The radius of the sphere B is ${{R}_{B}}=2mm$
Let the charge on the sphere B be ${{Q}_{B}}$
Let the electric field on the surface of sphere $B$ be ${{E}_{B}}$
Let the potential at the surface of sphere $B$ be ${{V}_{B}}$.
Now since the two spheres are joined by a wire and they are in equilibrium, their potentials must be the same.
$\therefore {{V}_{A}}={{V}_{B}}$ --(3)
Also, using (1), we get
${{V}_{A}}=K\dfrac{{{Q}_{A}}}{{{R}_{A}}}$ --(4)
${{V}_{B}}=K\dfrac{{{Q}_{B}}}{{{R}_{B}}}$ --(5)
Putting (4) and (5) in (3), we get
$K\dfrac{{{Q}_{A}}}{{{R}_{A}}}=K\dfrac{{{Q}_{B}}}{{{R}_{B}}}$
$\therefore \dfrac{{{Q}_{A}}}{{{R}_{A}}}=\dfrac{{{Q}_{B}}}{{{R}_{B}}}$
$\therefore \dfrac{{{Q}_{A}}}{{{Q}_{B}}}=\dfrac{{{R}_{A}}}{{{R}_{B}}}$ --(6)
Now, using (2), we get
${{E}_{A}}=K\dfrac{{{Q}_{A}}}{{{R}_{A}}^{2}}$
${{E}_{B}}=K\dfrac{{{Q}_{B}}}{{{R}_{{{B}^{2}}}}}$
$\therefore \dfrac{{{E}_{A}}}{{{E}_{B}}}=\dfrac{\dfrac{{{Q}_{A}}}{{{R}_{A}}^{2}}}{\dfrac{{{Q}_{B}}}{{{R}_{B}}^{2}}}=\dfrac{{{Q}_{A}}}{{{Q}_{B}}}{{\left( \dfrac{{{R}_{B}}}{{{R}_{A}}} \right)}^{2}}$ --(7)
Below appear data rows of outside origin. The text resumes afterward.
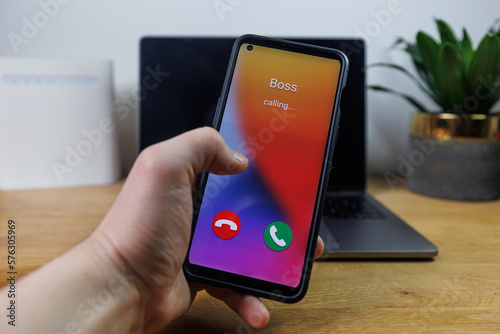 Fotografija Phone call from boss. Incoming call from boss concept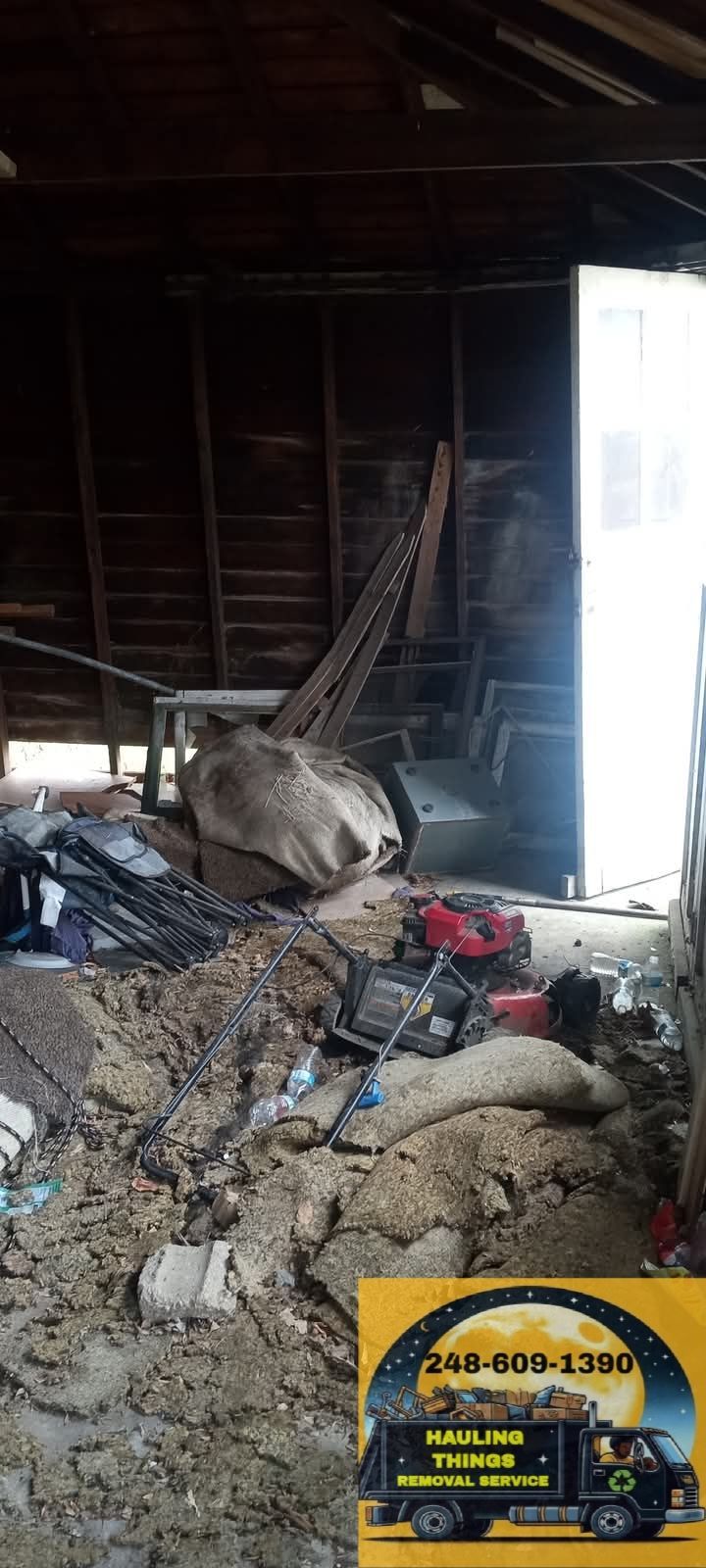 A pile of trash in a garage next to a truck.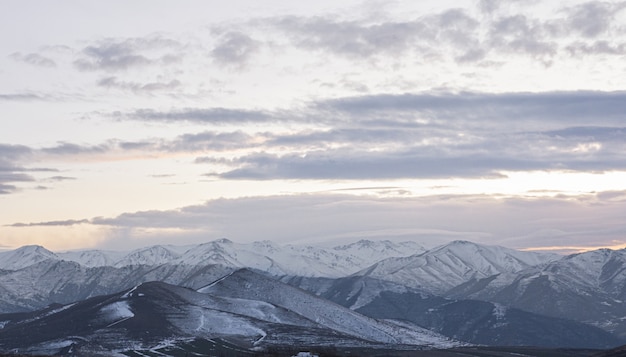 Бесплатное фото С видом на горы, покрытые снегом, с красивыми пейзажами заката в облачном небе.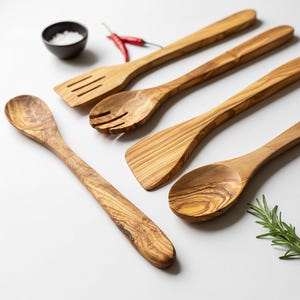May include: A collection of wooden kitchen utensils, including a slotted spoon, spatula, and serving spoons. The utensils are made of light-colored wood with a natural grain pattern. A small bowl of salt, red peppers, and rosemary sprig are also present.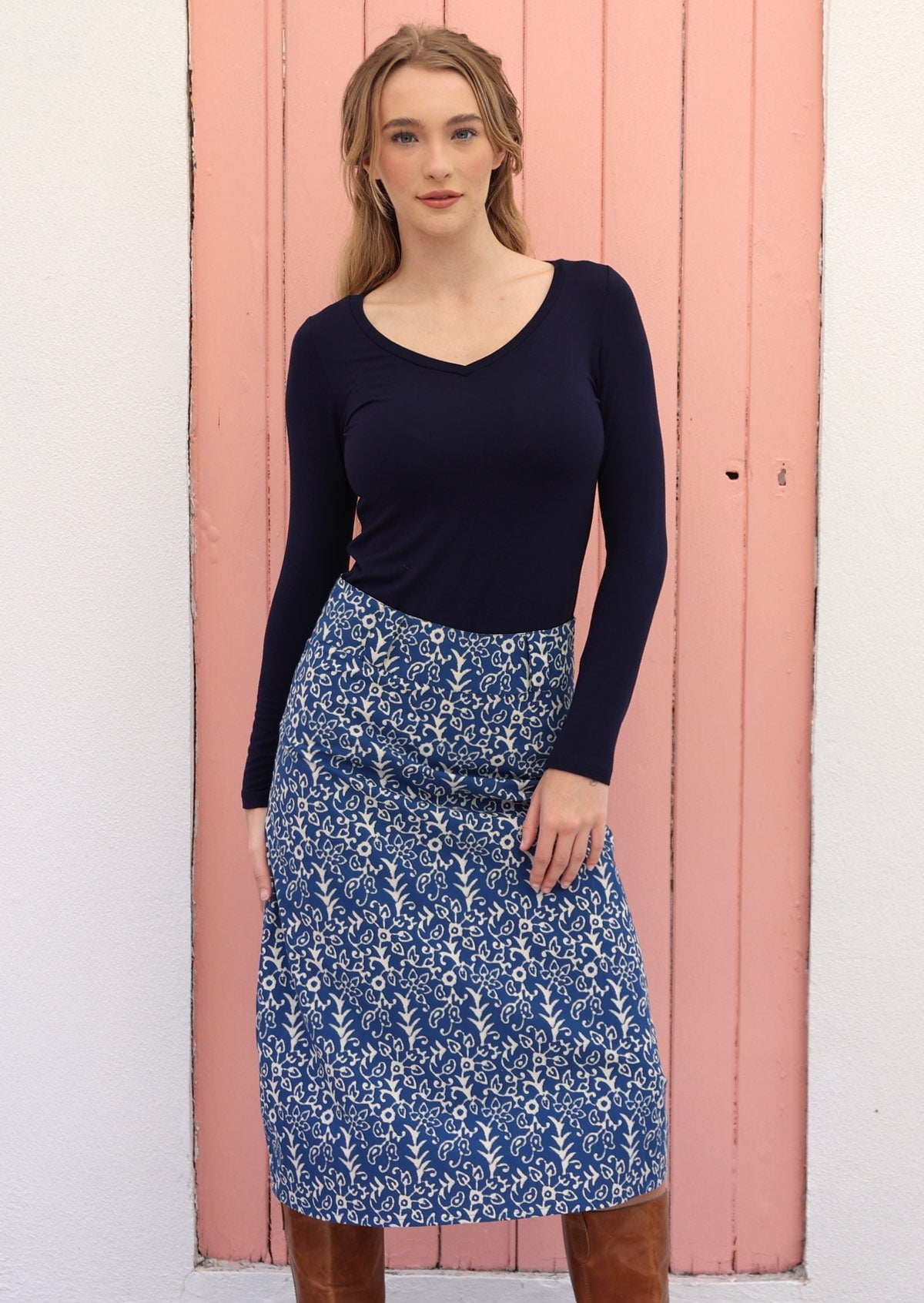 Woman wears cotton midi length A-line skirt with belt loops paired with a long sleeve stretch rayon top in navy blue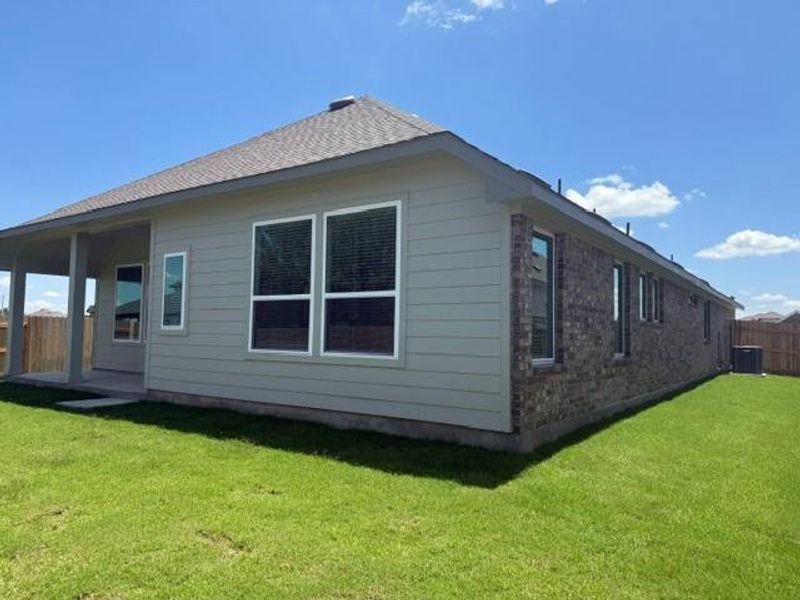 Expansive rear exterior featuring a covered patio, a spacious green lawn, light gray horizontal siding, and a brown brick facade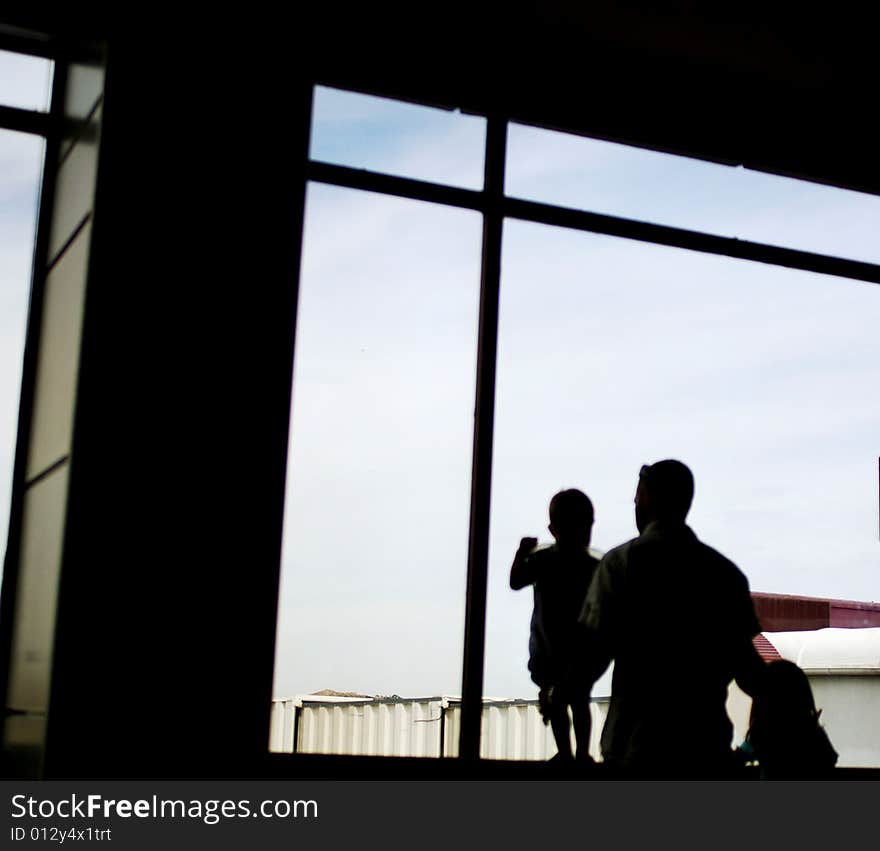 Silhouette of a father with son and daughter at the window. Silhouette of a father with son and daughter at the window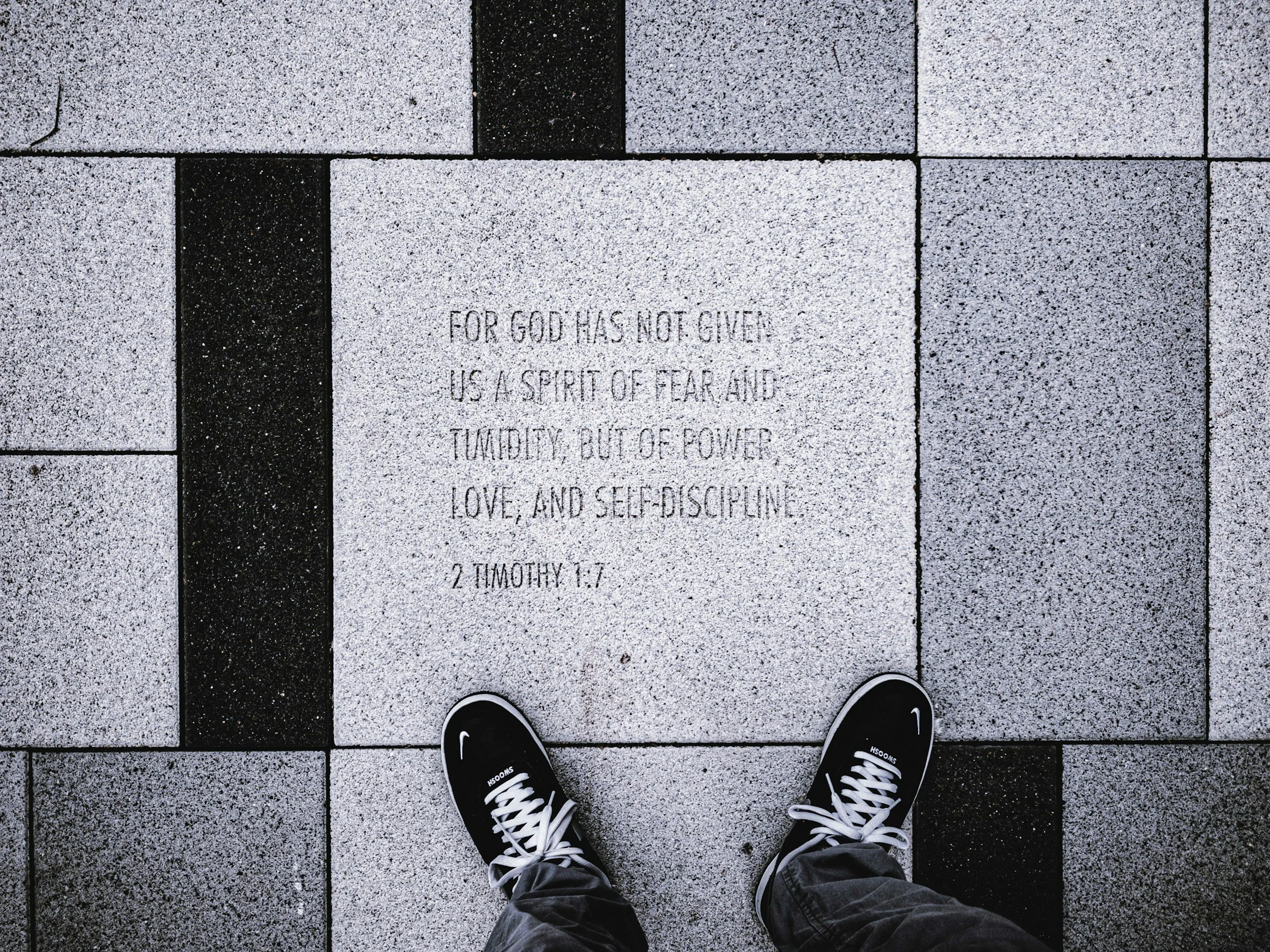 Person standing on a paved sidewalk, with the front of their feet and shoes visible, and an engraved quote on a stone tile reading, "For God has not given us a spirit of fear and humility, but of power, love, and self-discipline. 2 Timothy 1:7."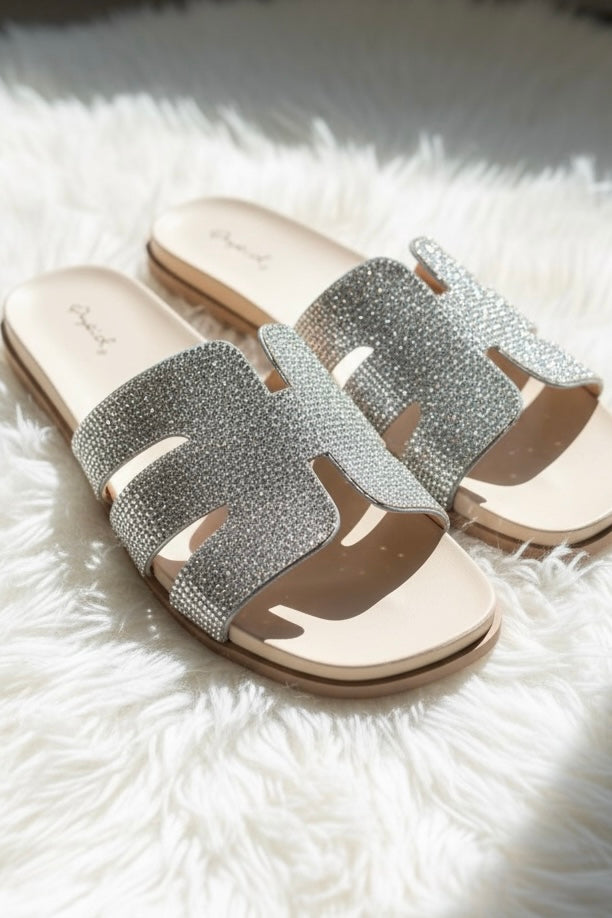 Silver crystal wide band sandals with a contoured beige footbed in natural light on white studio faux fur background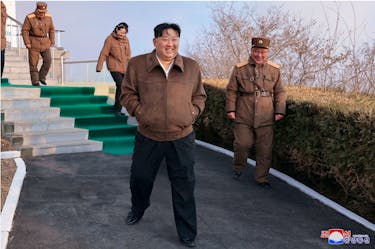North Korean leader Kim Jong-un attends a ground test of a solid-fuel engine for a new type of intermediate-range hypersonic missile as part of a program of developing national defense capability, at an unknown location in North Korea, March 19, 2024. KCNA via REUTERS /File Photo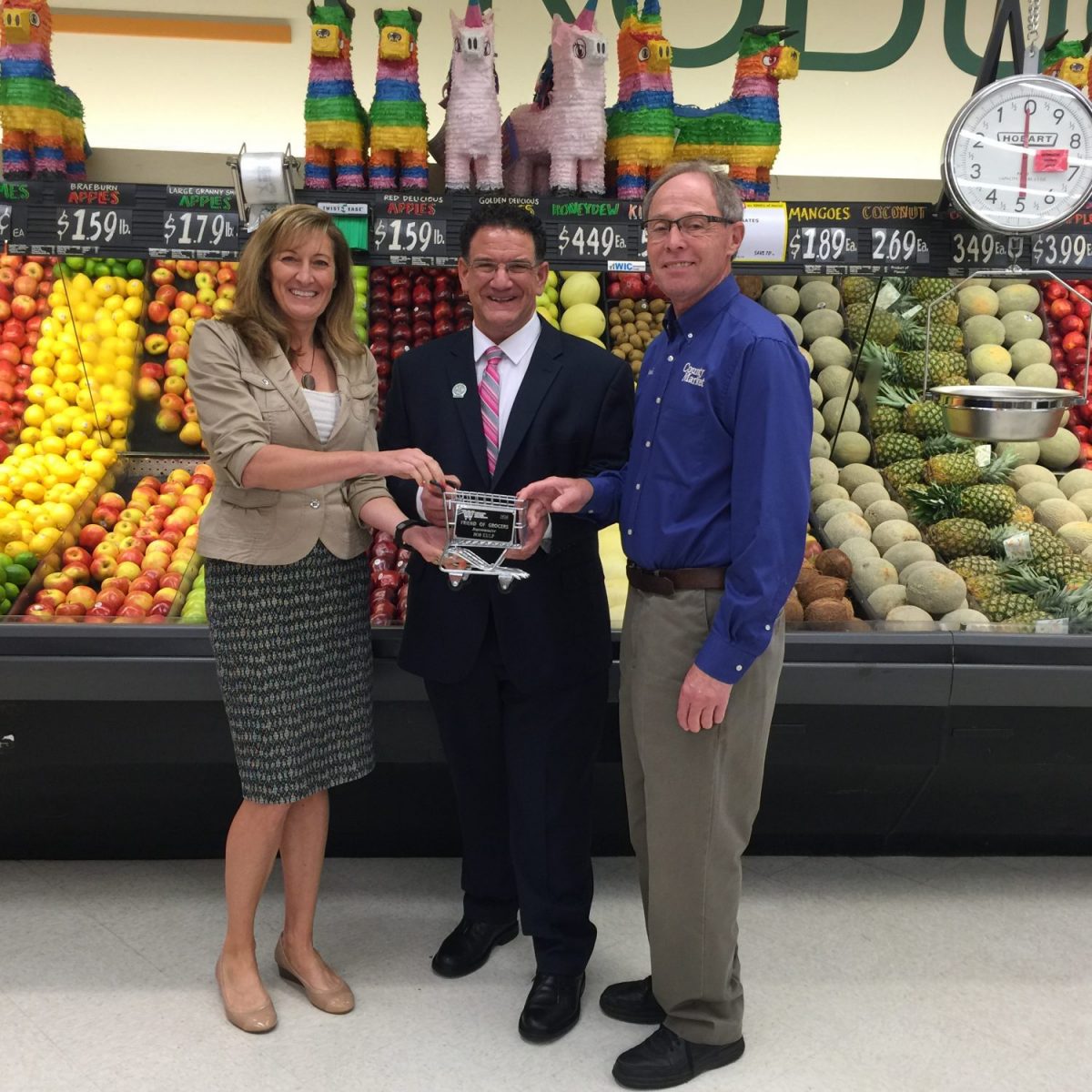 Representative Kulp was presented with the Friend of Grocers Award from the Wisconsin Grocers Association at Kramer’s County Market in Abbotsford. Pictured are: Michelle Kussow, WGA; Kulp; Dennis Kramer, Kramer's County Market. Submitted photo.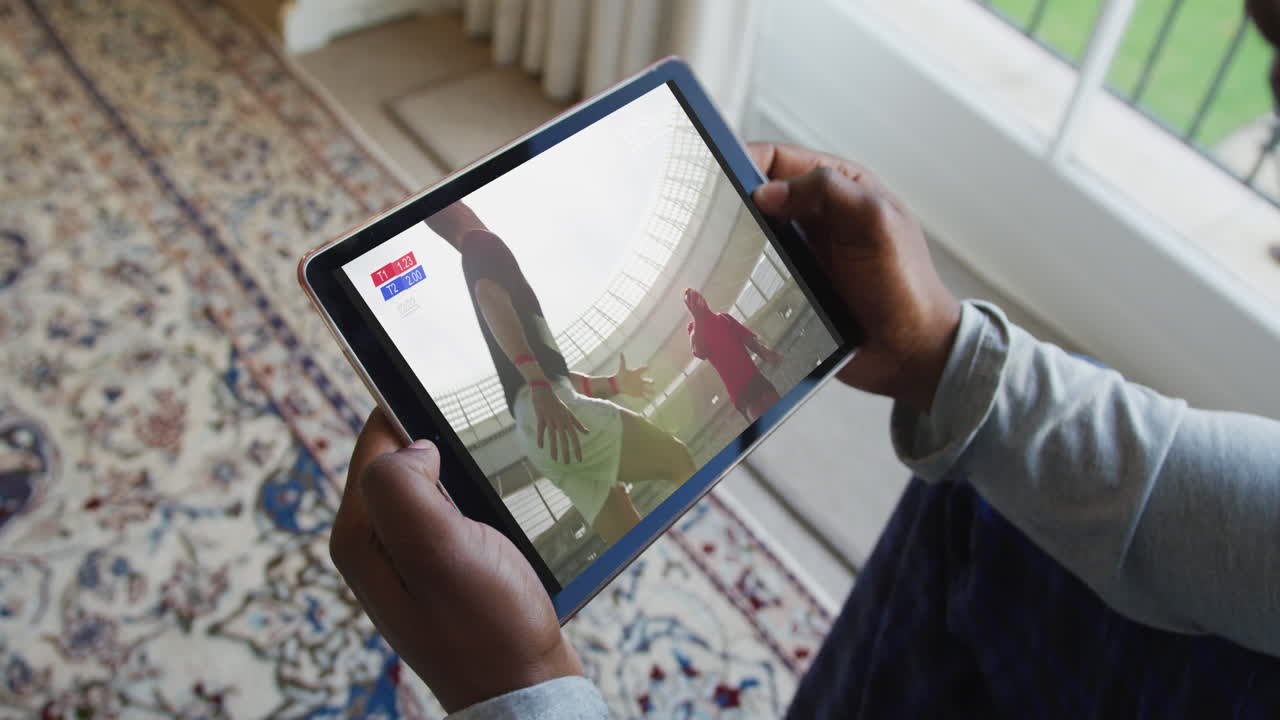 compuesto de un hombre sentado en casa, viendo un partido de rugby en la tableta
Putting (6) in (7), we get
$\dfrac{{{E}_{A}}}{{{E}_{B}}}=\dfrac{{{R}_{A}}}{{{R}_{B}}}{{\left( \dfrac{{{R}_{B}}}{{{R}_{A}}} \right)}^{2}}=\dfrac{{{R}_{B}}}{{{R}_{A}}}=\dfrac{2}{1}=2:1$
Therefore, we have got the required ratio of the magnitudes of the electric field at the surfaces of the two spherical conductors as $2:1$.

Note:
Students must note that in this problem, we ignored the effect of the second spherical conductor on the first and the electric field at the surface of the second sphere due to the first because the distance between the spheres was much greater than the radii of the spheres and since the magnitude of the electric field falls off as the square of the distance, so in effect the electric field due to a second sphere at the first sphere would not have any considerable effect. However, if the distance between the spheres would be comparable to their radii, then we would have taken into account the other sphere’s contribution also while calculating the electric field at the surface of one of the spheres.